After writing to a file, why does os.path.getsize still return the previous size?

Maulin picture Maulin · Jun 18, 2009 · Viewed 25.8k times · Source

I am trying to split up a large xml file into smaller chunks. I write to the output file and then check its size to see if its passed a threshold, but I dont think the getsize() method is working as expected.

What would be a good way to get the filesize of a file that is changing in size.

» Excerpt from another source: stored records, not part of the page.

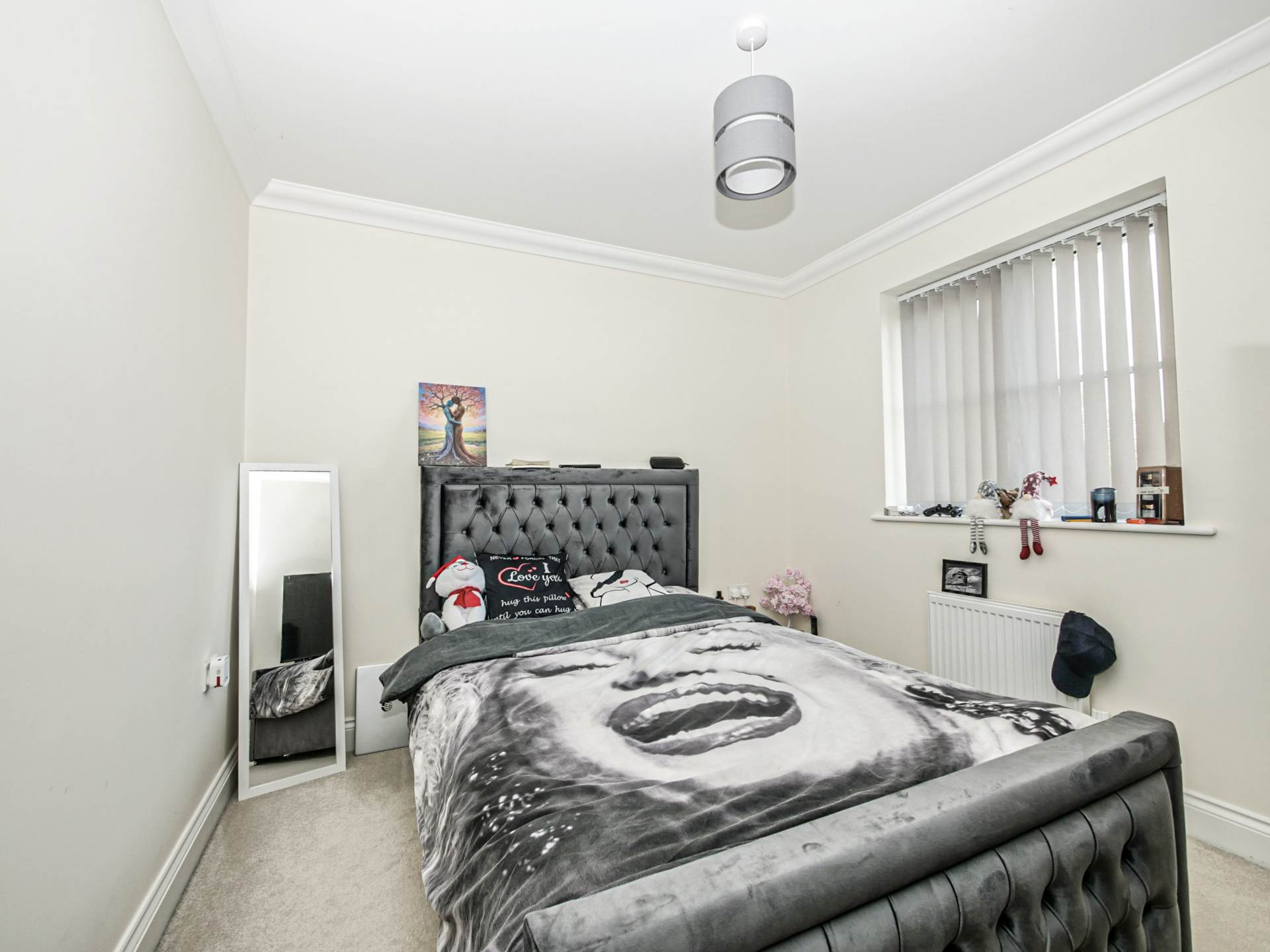5 Fox Earth Close, Capel St. Mary IP9 2PF, Image 12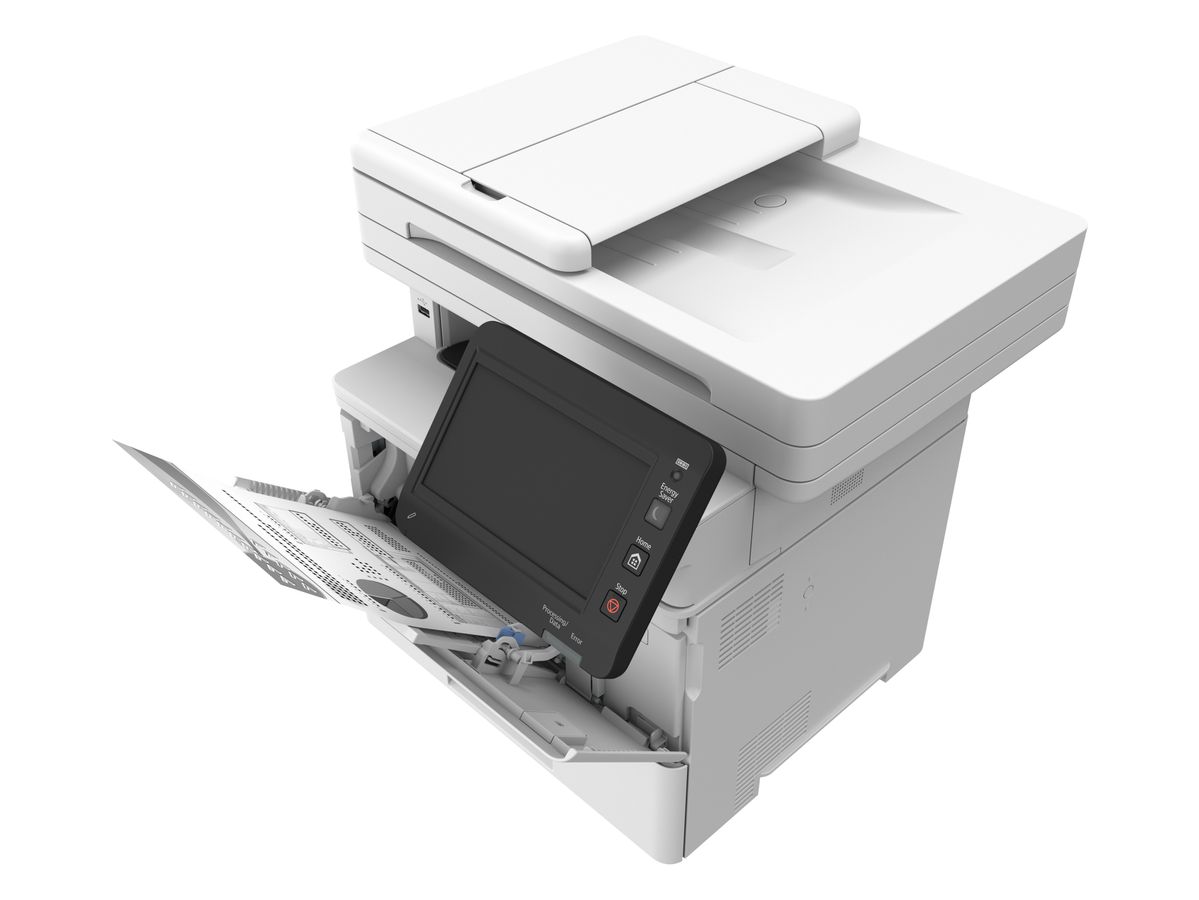 Canon i-SENSYS MF563dw Laser MF B/W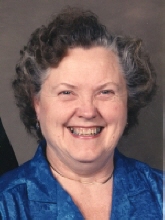 Helen M. Winget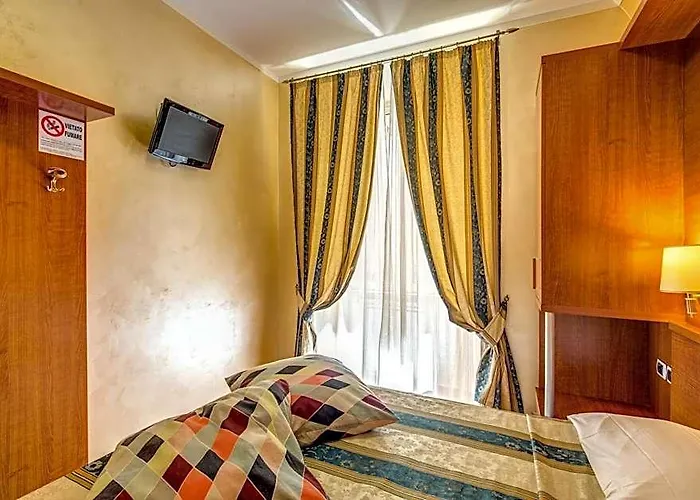 Otel Maryelen 2*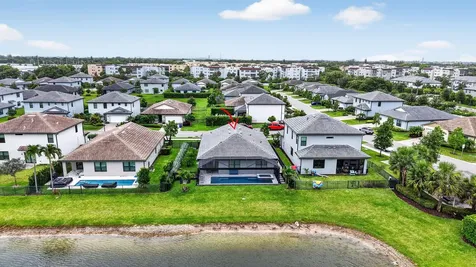 3165 Tamarind Drive Lauderdale Lakes FL 33311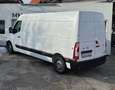 Opel Movano 2.3 D F3500 L3H2*MWST*TEMPOMAT*uvm Weiß - thumbnail 2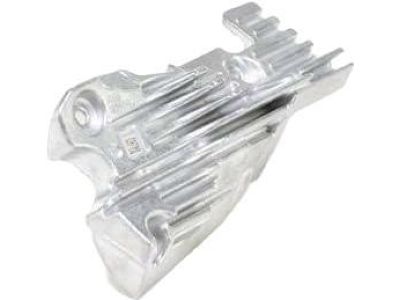 BMW 63-11-7-352-477 Led Module, Cornering Light, Left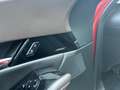 Mazda CX-30 2.0L Skyactiv-G M Hybrid Exceed Rot - thumbnail 19
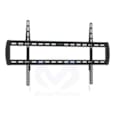 Support Mural Ultra-Plat pour Ecran avec Témoin + Kit Complet de Fixation Mesure 800x600 DGT-MONT-LT01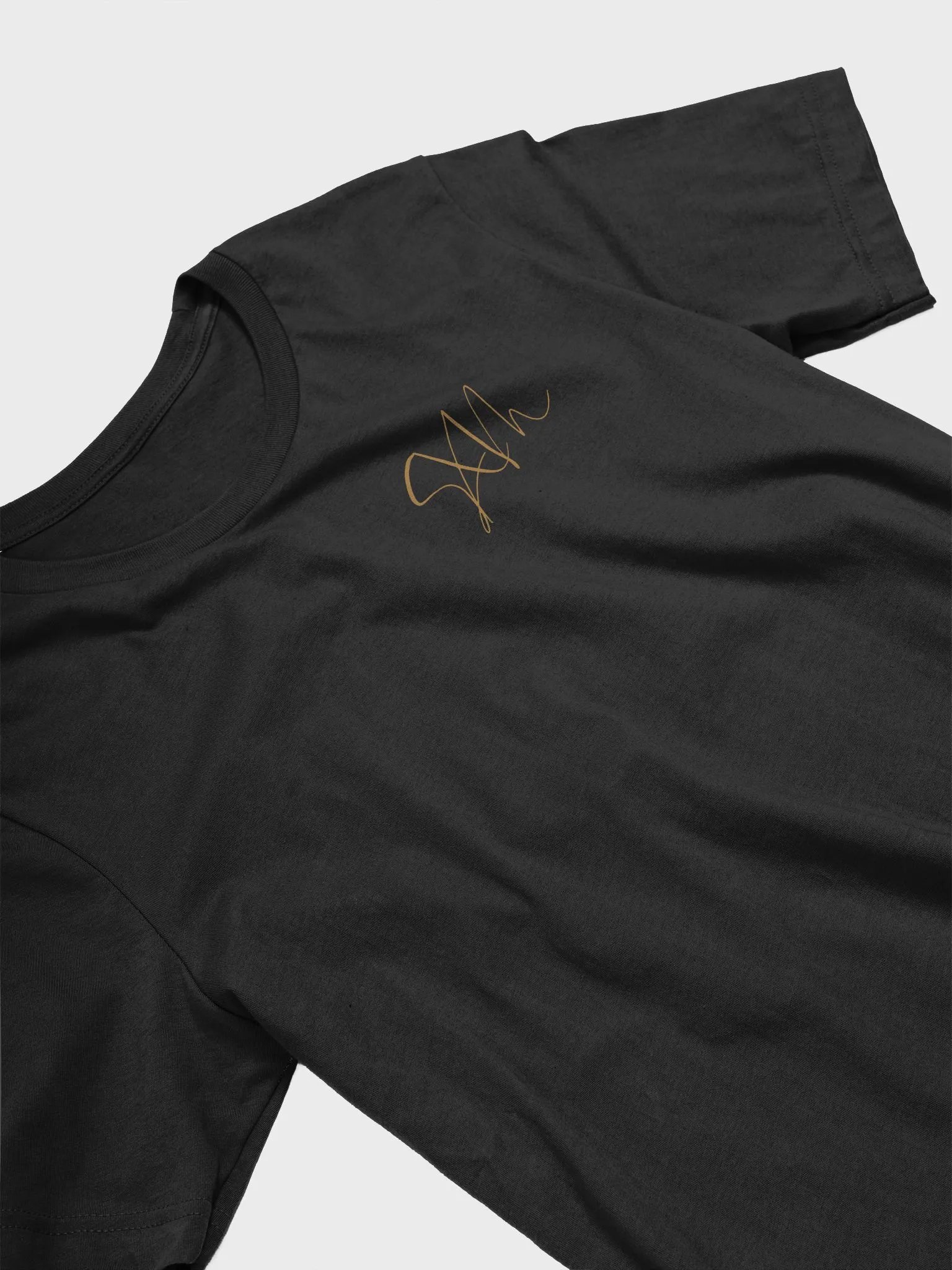 Signature Tee product image (3)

Ive done something like this...

import string
import os

f1 = open('VSERVICE.xml', 'r')
f2 = open('split.xml', 'w')

for line in f1:
  if str(line) == '</Service>\n':
    break
  else:
    f2.write(line)
    size = os.path.getsize('split.xml')
    print('size = ' + str(size))

running this prints 0 as the filesize for about 80 iterations and then 4176. Does Python store the output in a buffer before actually outputting it?

Answer

Sri picture Sri · Apr 28, 2011

File size is different from file position. For example,

os.path.getsize('sample.txt') 

It exactly returns file size in bytes.

But

f = open('sample.txt')
print f.readline()
f.tell() 

Here f.tell() returns the current position of the file handler - i.e. where the next write will put its data. Since it is aware of the buffering, it should be accurate as long as you are simply appending to the output file.